*Study material*.
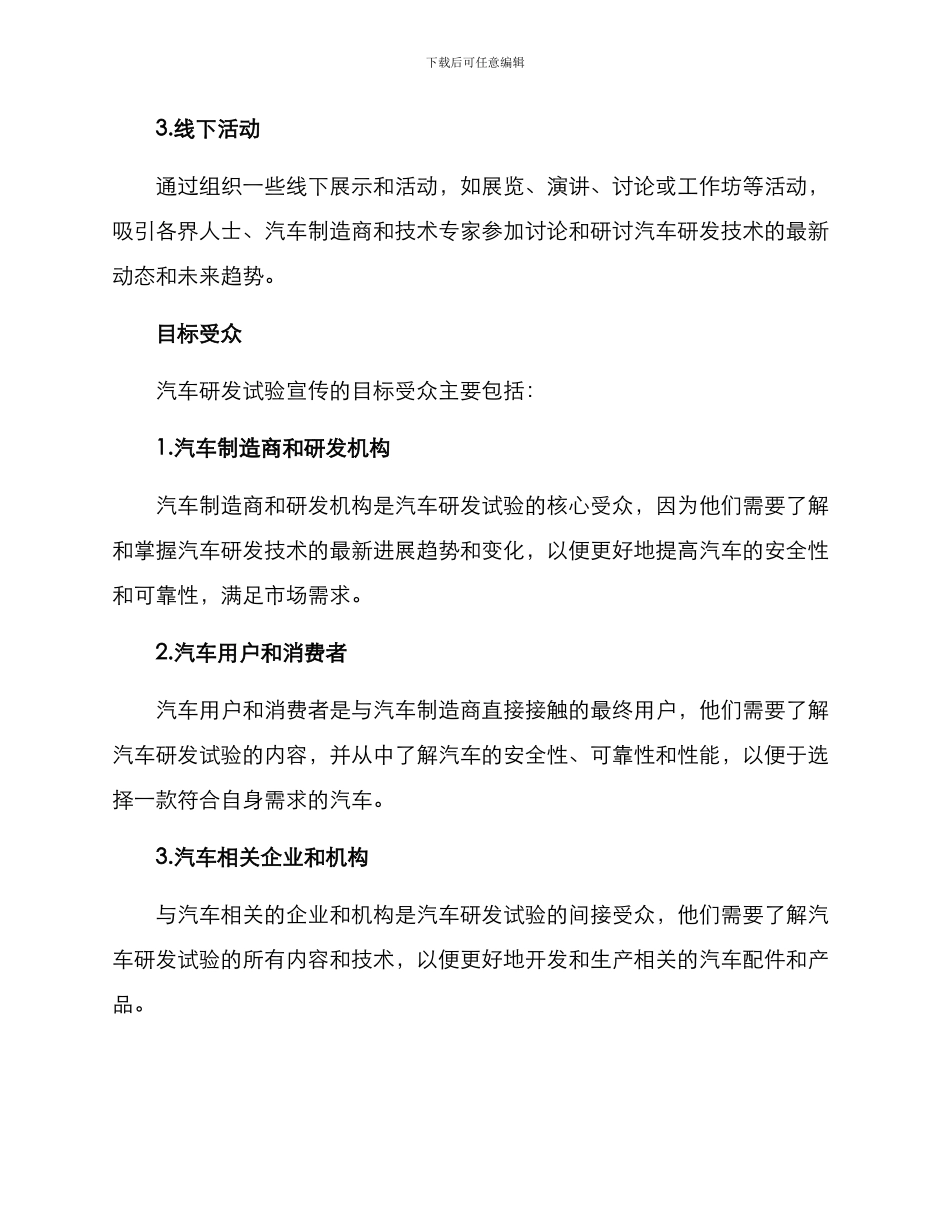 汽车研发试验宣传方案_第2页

==

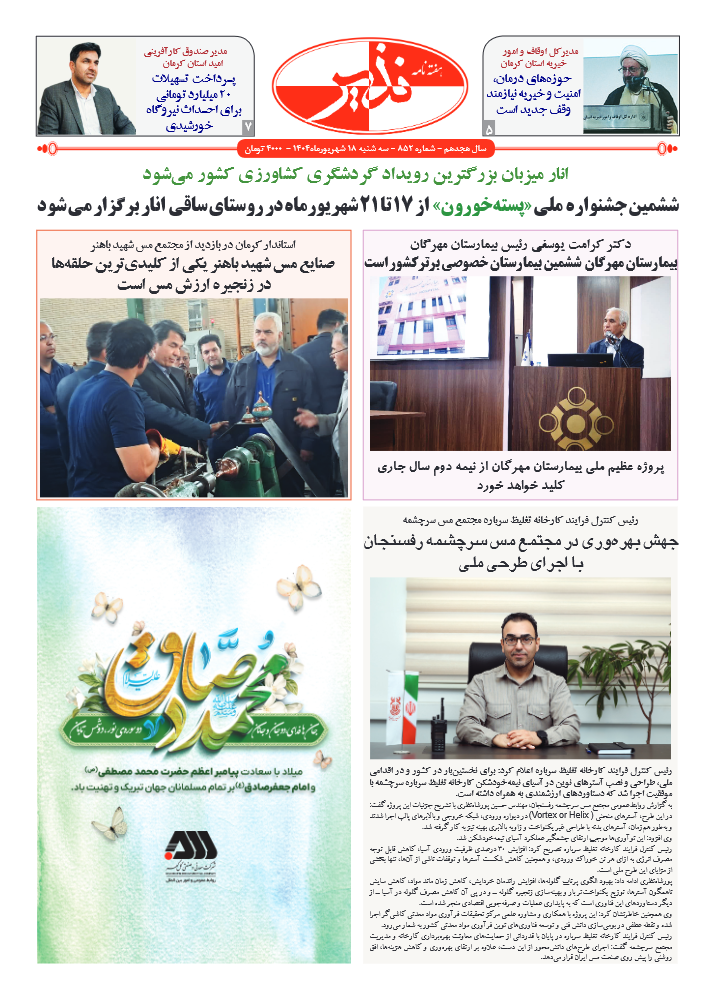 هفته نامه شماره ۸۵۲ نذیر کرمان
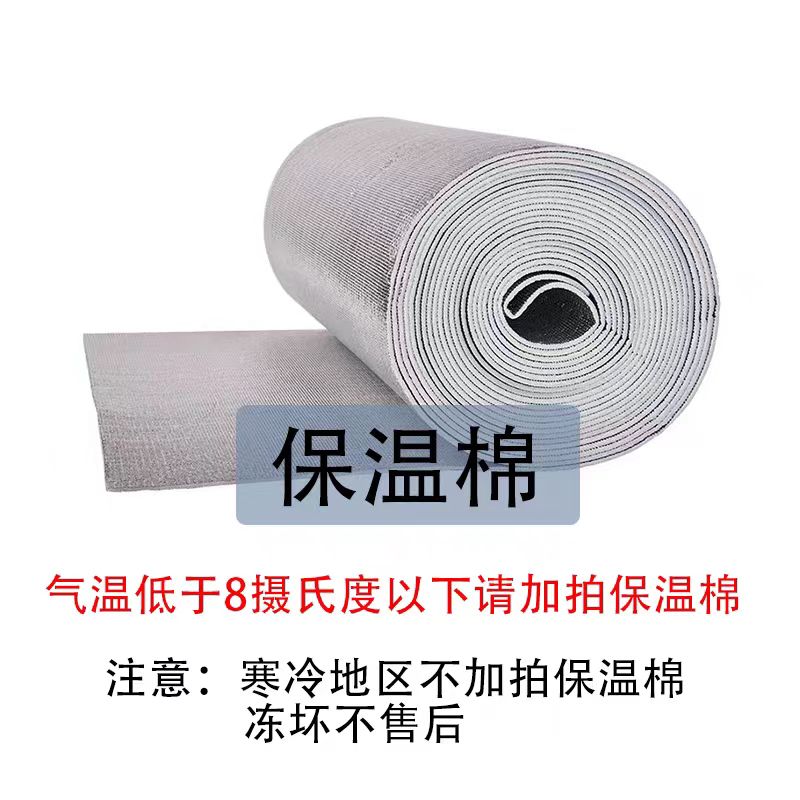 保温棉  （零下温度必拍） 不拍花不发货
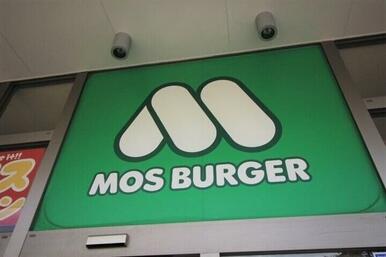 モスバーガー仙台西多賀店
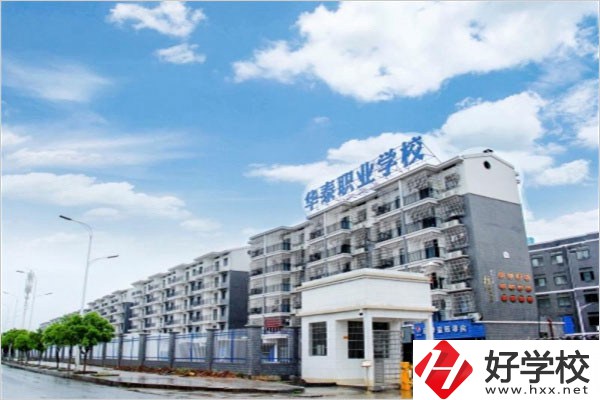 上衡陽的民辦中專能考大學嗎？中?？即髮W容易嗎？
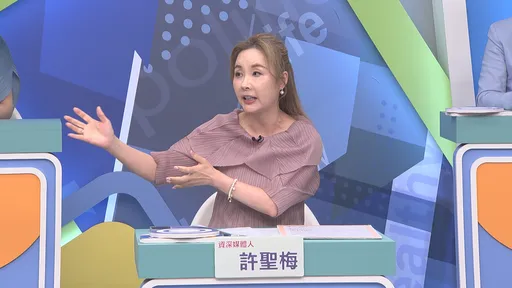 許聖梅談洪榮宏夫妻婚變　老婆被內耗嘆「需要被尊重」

==

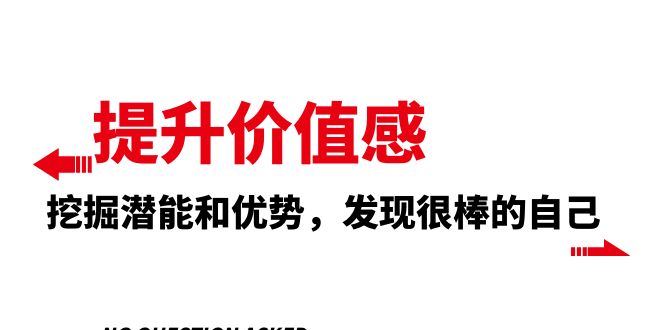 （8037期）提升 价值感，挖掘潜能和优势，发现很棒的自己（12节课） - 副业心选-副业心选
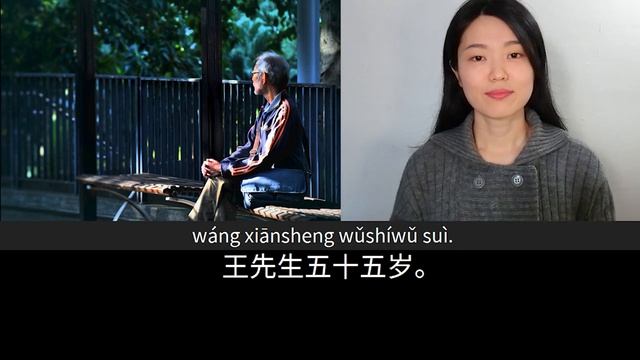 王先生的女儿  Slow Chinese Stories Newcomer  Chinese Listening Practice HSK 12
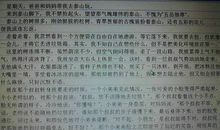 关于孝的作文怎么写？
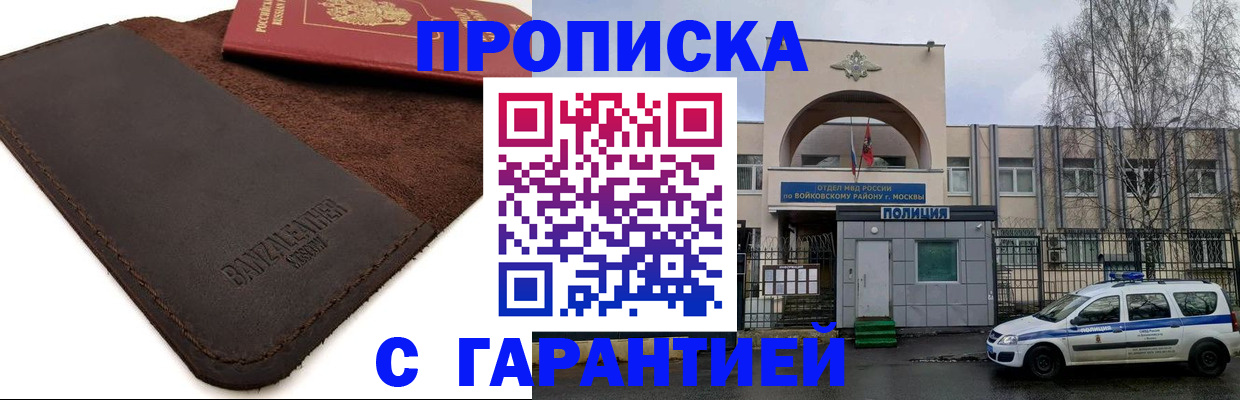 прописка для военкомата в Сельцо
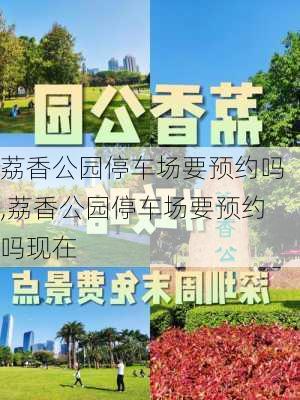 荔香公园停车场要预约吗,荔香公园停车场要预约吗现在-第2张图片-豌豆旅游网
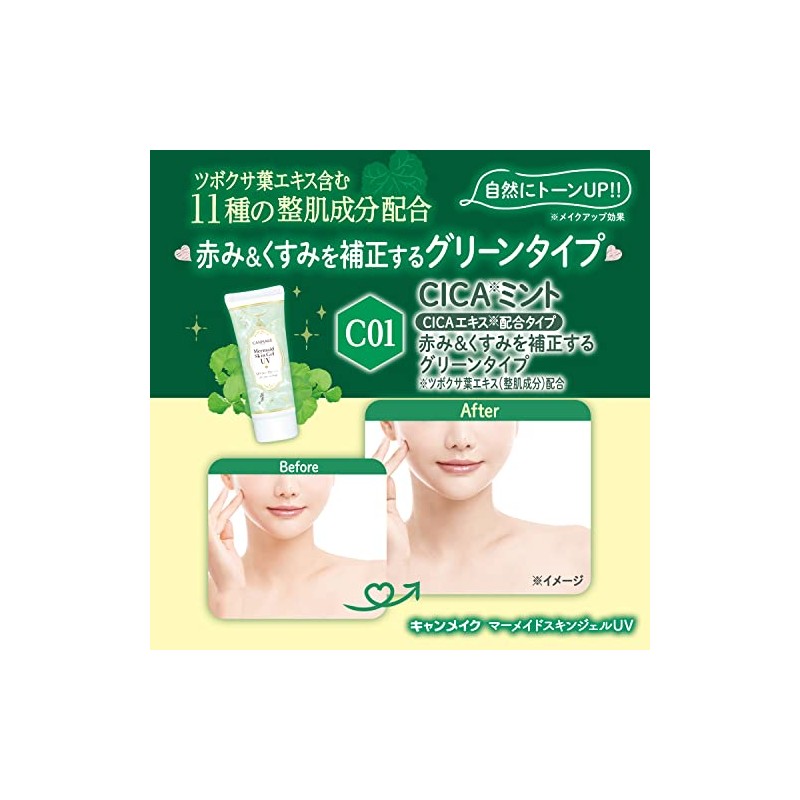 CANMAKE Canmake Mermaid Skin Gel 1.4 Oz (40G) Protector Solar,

*Problem statement*.
Find where the line with "هفته نامه شماره ۸۵۲ نذیر کرمان" sits in the material above and where the line with "許聖梅談洪榮宏夫妻婚變　老婆被內耗嘆「需要被尊重」" sits. Set down exactly the lines from the first to the second, both included and nothing else, without pictures.

*Answer to this problem*.
 هفته نامه شماره ۸۵۲ نذیر کرمان
 保温棉  （零下温度必拍） 不拍花不发货
 モスバーガー仙台西多賀店
 上衡陽的民辦中專能考大學嗎？中?？即髮W容易嗎？
 許聖梅談洪榮宏夫妻婚變　老婆被內耗嘆「需要被尊重」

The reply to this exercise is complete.